[Source data]
######

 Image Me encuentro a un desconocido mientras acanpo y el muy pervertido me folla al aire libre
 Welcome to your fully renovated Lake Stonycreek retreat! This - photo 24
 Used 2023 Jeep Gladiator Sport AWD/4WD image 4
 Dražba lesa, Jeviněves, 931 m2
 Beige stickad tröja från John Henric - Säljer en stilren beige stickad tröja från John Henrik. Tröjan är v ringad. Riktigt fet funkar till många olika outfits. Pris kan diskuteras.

######

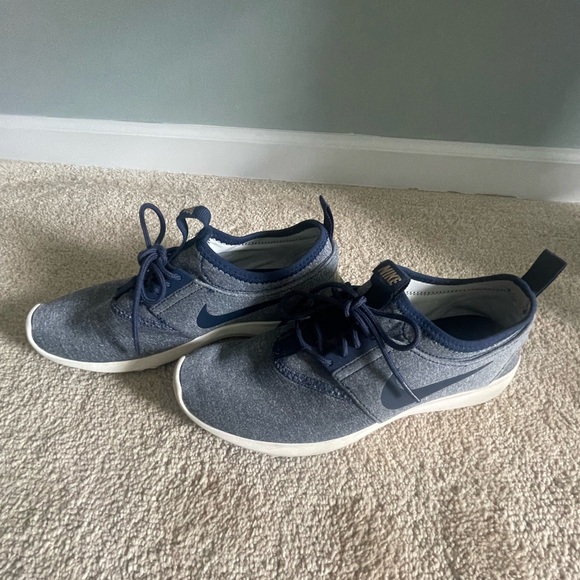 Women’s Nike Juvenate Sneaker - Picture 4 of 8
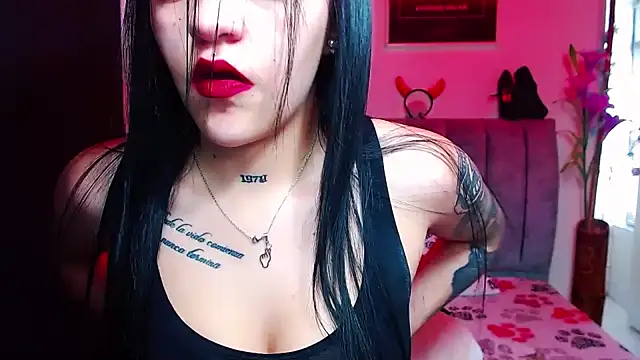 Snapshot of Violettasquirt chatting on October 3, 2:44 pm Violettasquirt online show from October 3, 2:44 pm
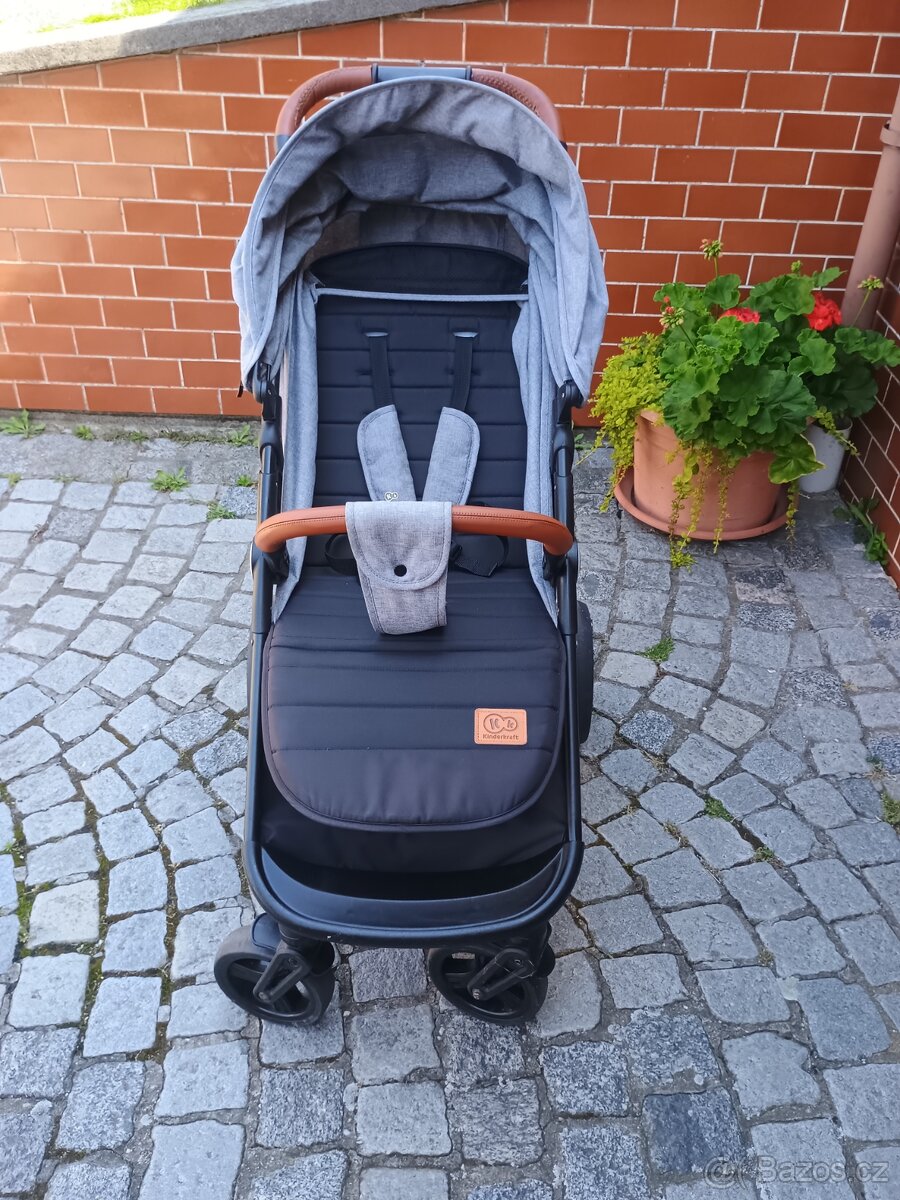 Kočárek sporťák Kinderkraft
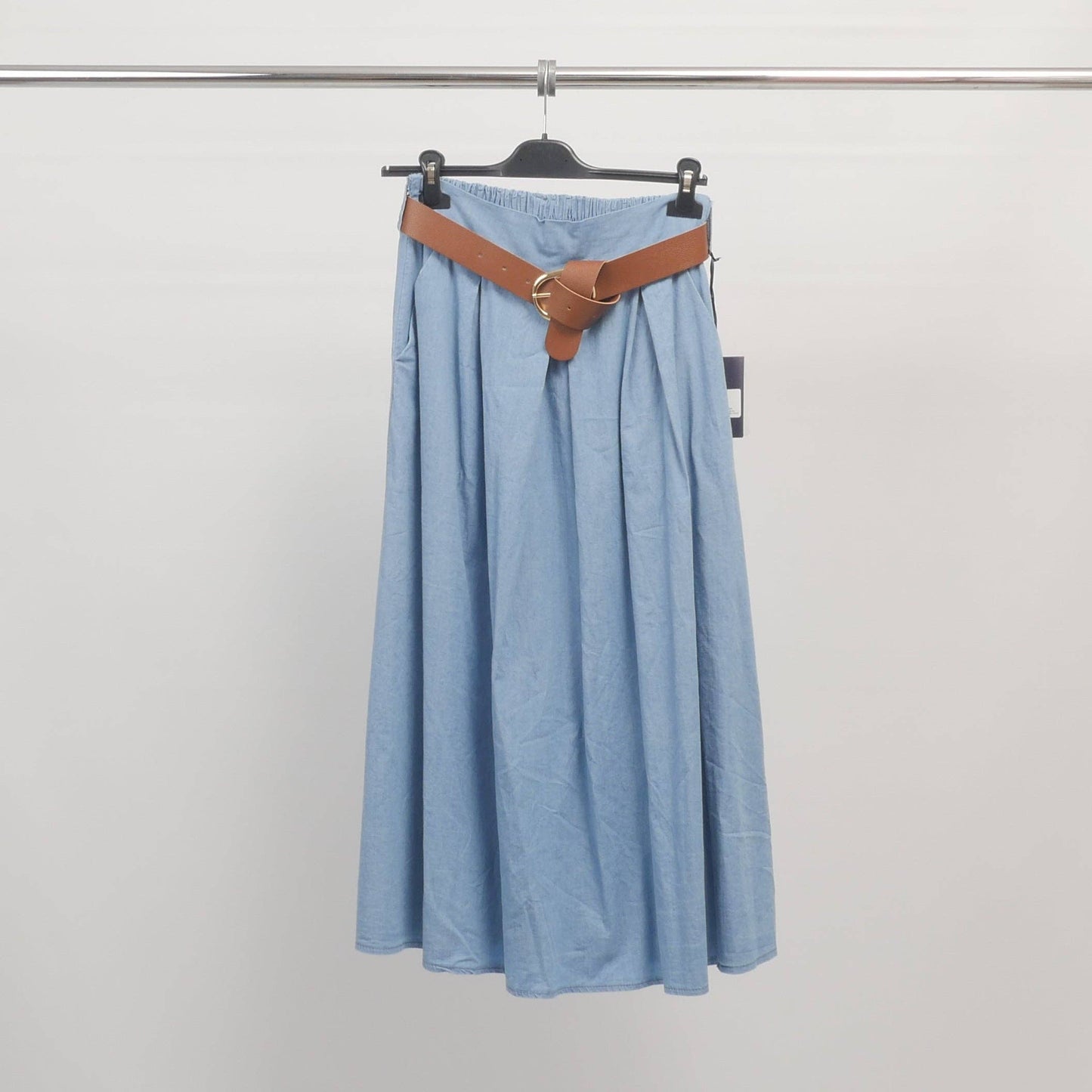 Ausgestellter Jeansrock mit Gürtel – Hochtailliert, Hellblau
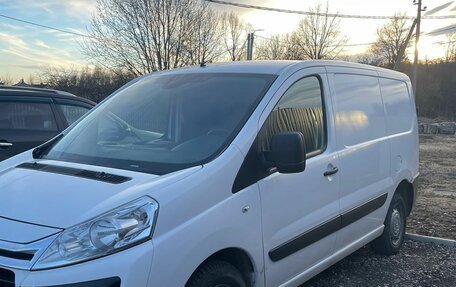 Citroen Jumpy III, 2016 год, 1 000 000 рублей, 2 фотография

######

*Work order*:
From the records above, copy exactly the lines starting at the one with "Women’s Nike Juvenate" and ending at the one with "Citroen Jumpy III, 2016", and no others. Pictures stay out.

*Task solution*:
 Women’s Nike Juvenate Sneaker - Picture 4 of 8
 Snapshot of Violettasquirt chatting on October 3, 2:44 pm Violettasquirt online show from October 3, 2:44 pm
 Kočárek sporťák Kinderkraft
 Ausgestellter Jeansrock mit Gürtel – Hochtailliert, Hellblau
 Citroen Jumpy III, 2016 год, 1 000 000 рублей, 2 фотография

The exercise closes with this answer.